A team from Egis and the University of York has been investigating the changing aviation safety risk landscape associated with the advent of autonomous and electric powered vertical take-off and landing (eVTOL) aircraft and drones.
The work was commissioned by the Future Flight (FF) Challenge, a UK Research and Innovation initiative to advance new aviation technologies such as drones, urban air mobility aircraft and hybrid-electric regional aircraft that will transform the way people and goods fly.
The FF challenge is looking at the big picture, not just future aircraft themselves but also the system they fit into, such as ground infrastructure, regulations and the control systems behind safe operations. The aim of this particular study is to de-risk the development of the future aviation system by identifying and proposing solutions to key safety issues early on.
How do you begin this kind of project? The scope is potentially so broad that an essential first step is to agree a framework for moving forwards. We began by enlisting the help of a working group of industry experts – fifteen in total – representing many different types of organisations within the aviation community. Their role was to validate the study outputs at key points throughout the project. We then set out the baseline – a description of today’s system, the actors within it, and the regulatory structure.
To shape the analysis, we developed three future scenarios representing the evolution of the aviation system over different time horizons out to 2035. Each scenario moved the baseline forwards, including a ‘map’ of the expected actors within the aviation system at that point and a description of how the system might be regulated and managed. The scenarios were not meant to be fixed points of development but rather tools to show the evolution of systems and operations.
Within those scenarios, we explored three use cases aligned with the objectives of the wider future flight challenge: Drones, initially remotely piloted but becoming fully autonomous, including drones for delivery, inspection, monitoring or broadcast and drones that perform robotic functions (e.g. repair, crop spraying); Urban Air Mobility (UAM) expanding from today’s helicopter transport to eVTOL aircraft and eventually autonomous air taxis for example; and finally Regional Air Mobility (RAM), larger forms of UAM aircraft accommodating 10 to 100 passengers (or cargo equivalent) and making city-city hops.

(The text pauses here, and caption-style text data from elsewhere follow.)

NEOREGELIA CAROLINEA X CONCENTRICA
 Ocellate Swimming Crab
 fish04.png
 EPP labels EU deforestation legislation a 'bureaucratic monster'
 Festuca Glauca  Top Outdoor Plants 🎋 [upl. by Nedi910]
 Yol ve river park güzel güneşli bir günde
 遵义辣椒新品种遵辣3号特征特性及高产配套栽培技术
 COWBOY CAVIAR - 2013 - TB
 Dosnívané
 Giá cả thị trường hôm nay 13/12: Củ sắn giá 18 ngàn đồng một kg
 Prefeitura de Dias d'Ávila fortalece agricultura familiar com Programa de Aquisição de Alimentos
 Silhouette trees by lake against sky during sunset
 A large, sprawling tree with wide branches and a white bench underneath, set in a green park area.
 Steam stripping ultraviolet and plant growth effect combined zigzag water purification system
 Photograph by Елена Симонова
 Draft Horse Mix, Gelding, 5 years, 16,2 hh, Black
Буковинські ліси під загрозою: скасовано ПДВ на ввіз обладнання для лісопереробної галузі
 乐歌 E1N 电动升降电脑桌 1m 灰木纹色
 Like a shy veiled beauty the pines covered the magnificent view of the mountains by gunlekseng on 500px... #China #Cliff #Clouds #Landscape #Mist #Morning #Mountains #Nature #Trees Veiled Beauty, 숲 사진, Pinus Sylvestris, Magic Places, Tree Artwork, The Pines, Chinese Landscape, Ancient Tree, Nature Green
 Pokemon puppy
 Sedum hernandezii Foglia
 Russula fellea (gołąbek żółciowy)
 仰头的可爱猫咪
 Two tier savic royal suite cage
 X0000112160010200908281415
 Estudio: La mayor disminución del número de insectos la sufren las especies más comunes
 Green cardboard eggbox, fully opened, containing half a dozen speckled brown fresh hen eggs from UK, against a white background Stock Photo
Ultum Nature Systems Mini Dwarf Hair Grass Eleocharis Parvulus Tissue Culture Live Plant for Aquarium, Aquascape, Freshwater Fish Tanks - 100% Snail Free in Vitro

Similar to UAM, these aircraft will make use of new technologies to reduce the carbon footprint of the vehicle and may include pure or hybrid electric and hydrogen fuel cell forms of propulsion.
Four transversal safety themes.
It was evident that there were some core themes running across all use cases and scenarios that deserved specific attention from a safety management perspective.
1. Safety management of complex systems – The complexity of systems and the role of humans and organisations means that accurate predictive quantitative safety analysis is challenging – and will become even more challenging in the future. This is an emerging area of expertise and one that our study partners from the University of York have been developing alongside the Royal Academy of Engineering and the Lloyds Register Foundation.
2. Integrated risk and safety management – There are many participants in the aviation system that together contribute toward safety outcomes. If not well managed, safety objectives within one organisation can be in contradiction with safety objectives in another organisation. Whilst tools already exist for considering risk across organisational boundaries, as new FF service providers join the aviation system it will be important for all participants to understand how their operations might impact aviation safety risks. The theme also includes a broader appreciation of risk across the different risk outcomes (e.g. safety, security, environment) and how they can be managed in a more integrated way.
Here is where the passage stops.